楚亦辰命人踹開房門,鄭光輝此刻倒地不起。

“老爺!”下人沖進去查看,發現他早已沒了氣息。

言芷挽與楚亦辰面面相覷。

真是蹊蹺,正要來興師問罪,鄭光輝就死了。

下人跪倒一片,對老爺的死表示惋惜。

柳如玉得知此事,立即趕了過來。

“老爺啊!你怎麽就突然去了,留下我一個人可怎麽活啊!”

柳如玉跪在地上哭泣。

鄭則“碰”的一聲跪在地上。

“爹!”

整個屋子充滿了哭泣聲。

“太守大人一日未出,就沒人發現端倪?”楚亦辰問道。

“大人吩咐過,不讓人去打攪他。”一下人說道。

“請仵作驗屍。”楚亦辰眼神掃過書桌。

仵作匆匆趕來太守府,經過一番檢查後,發現太守是犯了哮病,沒有及時得到醫治,因此亡故。

“都是我的錯,如果我留意著些,老爺也不會出事。”柳如玉哭的梨花帶雨。

言芷挽不以為然。

畢竟她與鄭則可是有奸情的。

鄭則與柳如玉給鄭光輝料理後事。

楚亦辰回到房中,修書一封派人送往臨安。

皇宮

“真是放肆!這鄭光輝居然敢貪汙賑災所用的錢財!罪大惡極,萬死難辭其咎!”皇上龍顏大怒。

“可如今這允州太守已經死了。”張公公道。

“那便讓鄭家將所有錢財一律充公!若不是他,允州災情怎會如此嚴重!”

“這太傅大人去允州也有一段日子了,不知大人何時歸來?今日老奴遇到了太子殿下,殿下問及此事。

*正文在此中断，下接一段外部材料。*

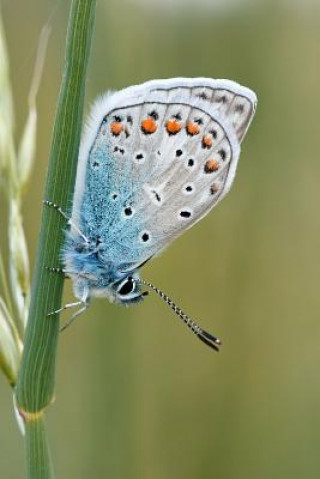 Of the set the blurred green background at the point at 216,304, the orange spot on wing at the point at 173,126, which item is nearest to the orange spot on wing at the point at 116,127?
the orange spot on wing at the point at 173,126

”張公公對皇上說道。

“太傅此番在允州受了傷,估摸著有段時間才能回來。”

“這好端端的怎麽會受傷呢?”張公公好奇的問道。

“允州災民積怨已久,將怒氣撒在太傅身上。”皇上道。

“太傅此去真是受苦了。”張公公感嘆道。

原本大皇子毛遂自薦想去允州賑災,但皇上顧及舒貴妃母族,不願將此事交給大皇子去辦。

而後皇上打算讓三皇子前去允州,誰知三皇子在宮宴上與皇上作對,公然拒絕賜婚,惹的皇上不快,因此皇上才定了楚太傅前往允州賑災。

這一樁樁事情張公公心裏跟明鏡似的。

“此番太傅回來,朕定要好好賞賜他。”皇上道。

“太傅大人年輕有為,乃是國之棟梁,陛下器重太傅大人理所當然。”張公公道。

允州

太守府上下一白,丫鬟仆從皆披縞素。

柳如玉和鄭則在靈前跪了一天一夜。

言芷挽和楚亦辰整日待在廂房。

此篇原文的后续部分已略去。